With one accord the boys raced after them, and overtook the strangely mated couple just as they turned the corner at the grocer’s shop and turned up the path which led over the Heath to the police station.

‘What’s the matter, Joe?’ asked Ralph, who had been fairly startled out of his indifference by the events of the day, looking pityingly at Joe’s swollen and tear-stained eyes, for the big lad was crying like a baby.

‘They say that I had sommat to do with the robbery, Master Ralph,’ he sobbed, ‘because when master sent Mr Hunter to cut down the branches where Miss Isobel fell, in case some one else climbed up the tree and hurt themselves, he found a hole in one of the branches, and a pistol in it, which it seems had been lost, and it was wrapped up in one of my old caps, the one I spoilt with the white paint when I was a-painting the fence round the far paddock. I threw away the cap, and never thought about it again; but ’tis mine sure enough, though ’ow it came to be in the ’ole I don’t know no more than an infant. And now my situation and my character is gone, and who is to tell mother—she that trained me up always to be honest?’

Here poor Joe fairly broke down, and Ralph said indignantly, in his most grown-up way, ‘I don’t believe a word of it, policeman; there must be some mistake.’

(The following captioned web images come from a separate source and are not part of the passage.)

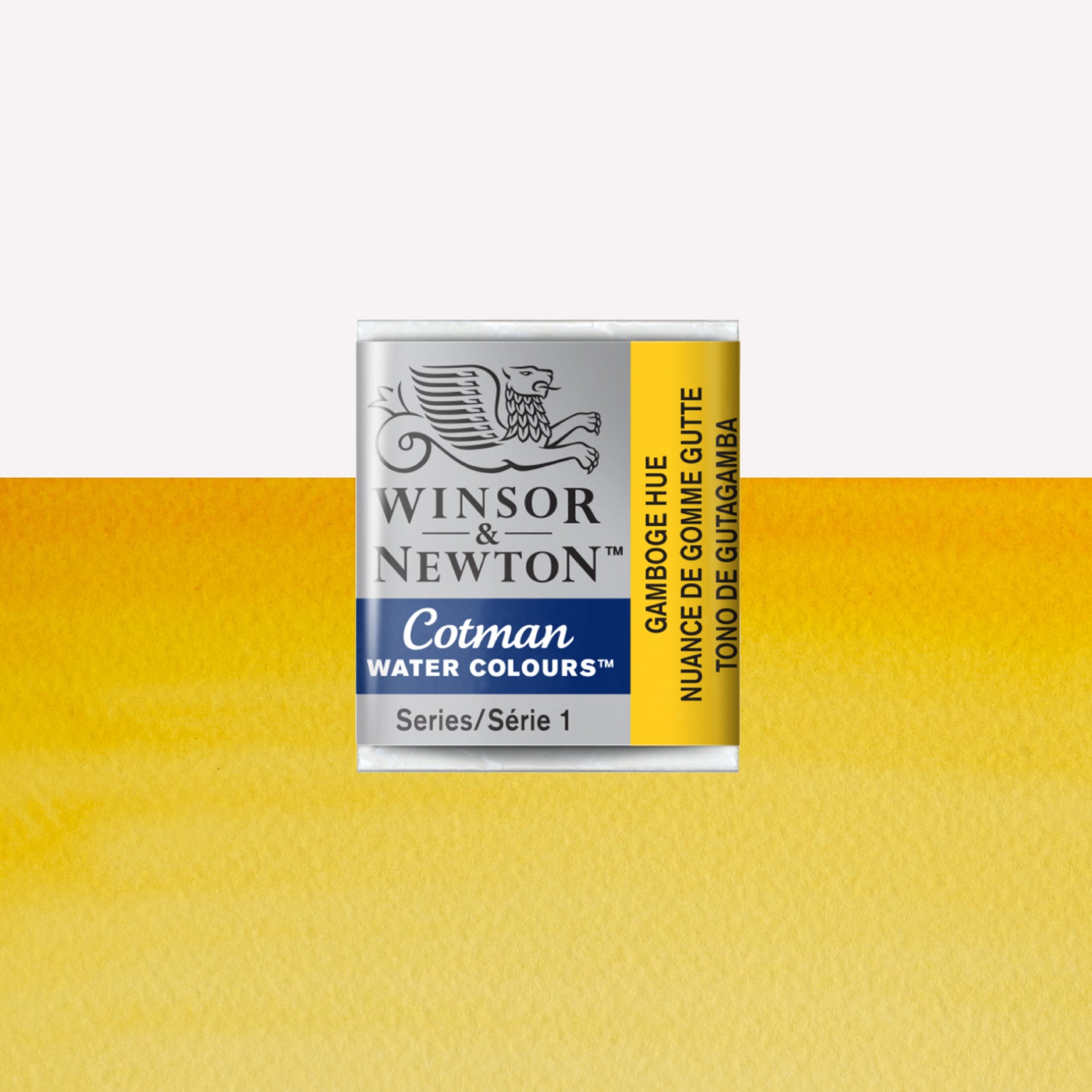 Winsor & Newton Cotman watercolour half pan in the shade Gamboge Hue over a vibrant colour swatch. These half pans have a solid formula and are packaged in compressed paint cake. 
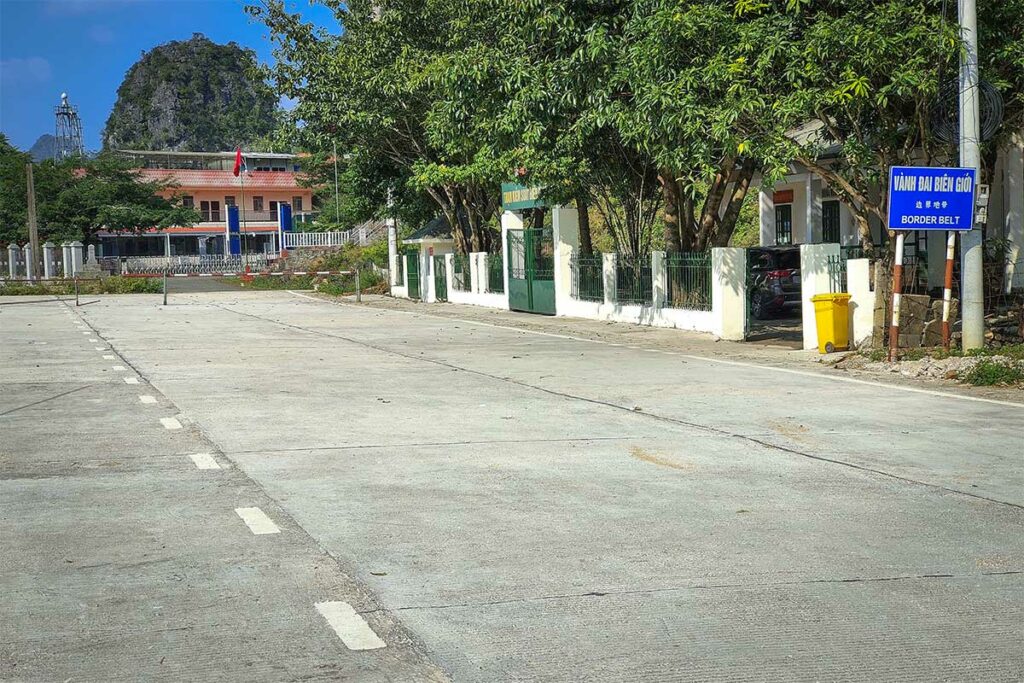 Grensovergang bij Ngoc Con in Phong Nam Valley, Cao Bang, met lege weg en bord dat de grenszone met China aangeeft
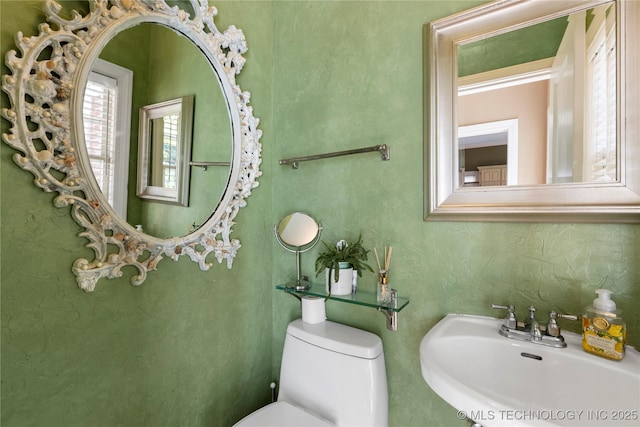 bathroom with toilet and sink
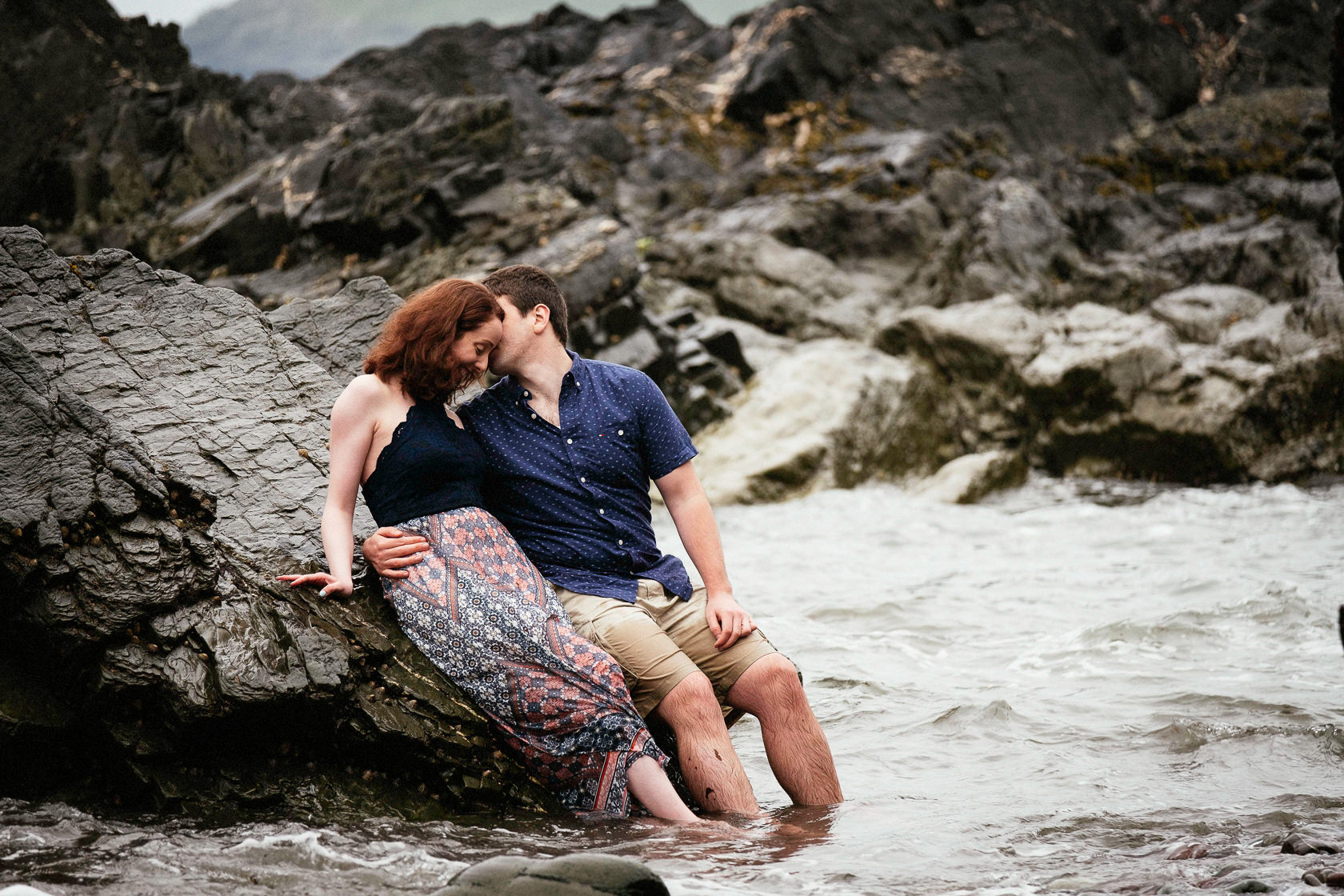 engaged couple standing in the sea off the coast of county cork ireland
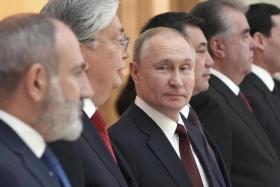 Mr Putin (centre) gave eight golden rings to Moscow-allied leaders of post-Soviet countries.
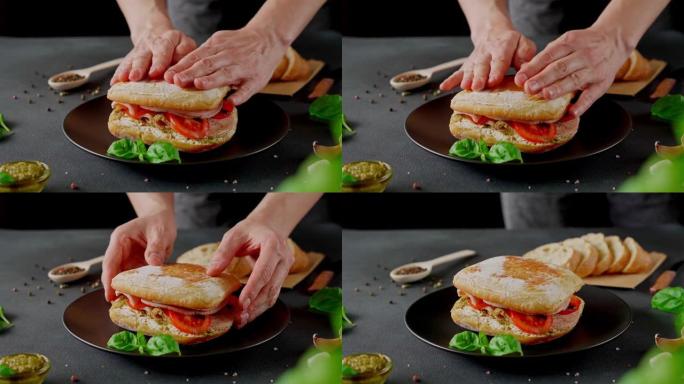 男人的手准备了Chiabatta三明治，上面有火腿，罗勒，香蒜酱，西红柿在黑色背景上。食物背景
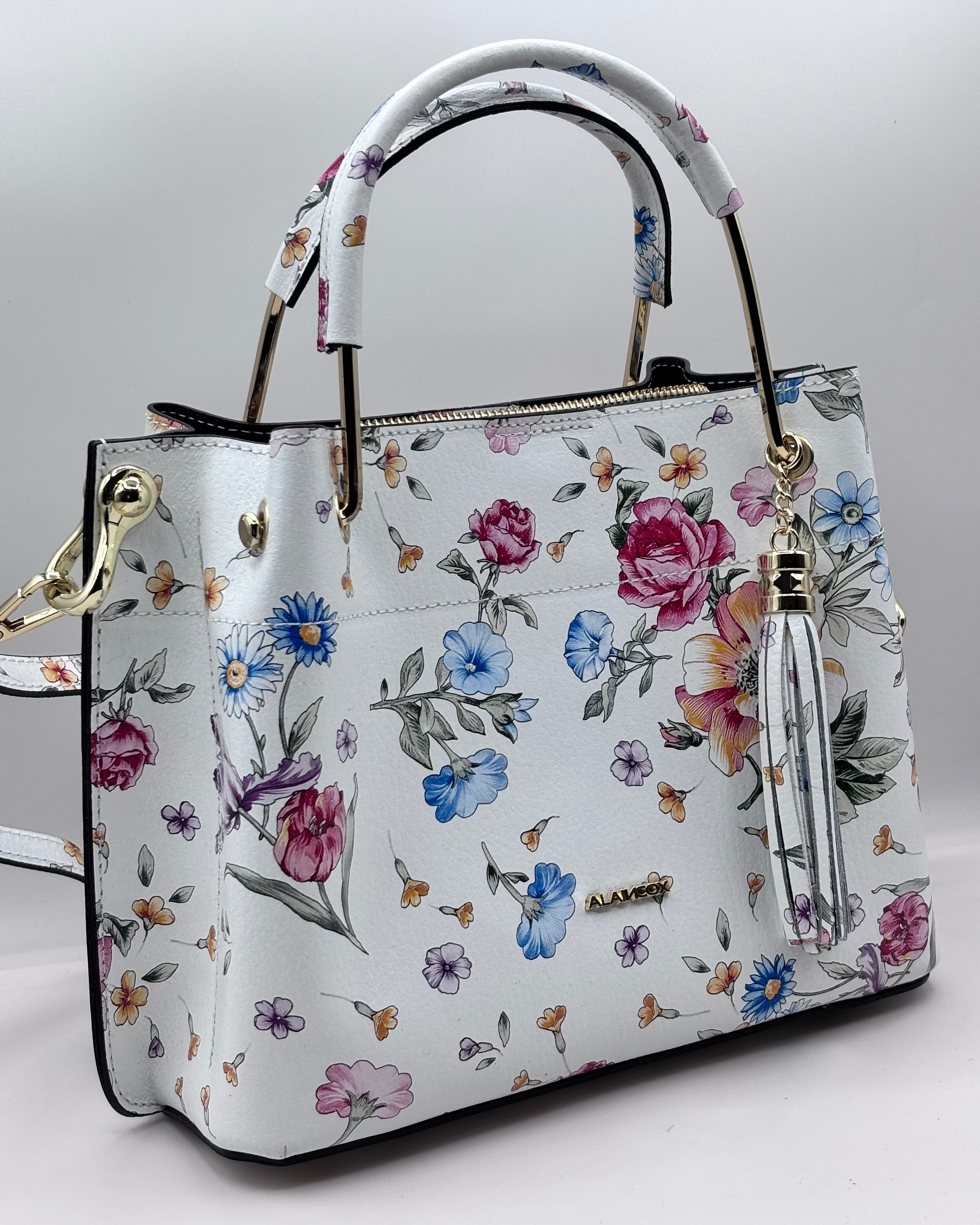 Borsa PAULETTE SPRING da donna in vera pelle martellata made in italy, colore bianco floreale, firmata Alaincox, negozio di Genova, con pochette interna con zip, tracolla regolabile e dettagli in acciaio dorato, elegante e capiente per uso quotidiano.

‘Don’t you indeed, young sir?’ said the giant policeman, smiling contemptuously. ‘If you had lived as long as me you wouldn’t be so quick to say you didn’t believe things. Besides, I’m only taking him up on suspicion, so he needn’t be in such a taking. If he can prove that he is innocent, let him prove it. But it appears that this pistol must have been stolen out of the house, and it’s found hidden in a hole in a tree, wrapped in a cap which ’e owns is ’is, and to my mind it’s as plain that he stole it as that two and two make four, though as to connecting it with the robbery, well, that’s a different matter.’

‘It’s all the same,’ sobbed Joe, ‘whether I’m taken up on suspicion or whether they are sure of it. My character’s gone, for who will take a lad in who has been took up by the police? And who will look after my mother, for she is so bad with the rhumatiz that she can’t do anything for herself?’

‘Come, come,’ said the policeman, stepping forward a little quicker, for already a small crowd of children was gathering, and he did not want a scene. ‘Hold your tongue, and come along.—As for you, young gentlemen, I would advise you to go home. What he says may be true enough. He may know nothing about it, but that remains to be proved; and often the most innocent-looking ones are the most artful.’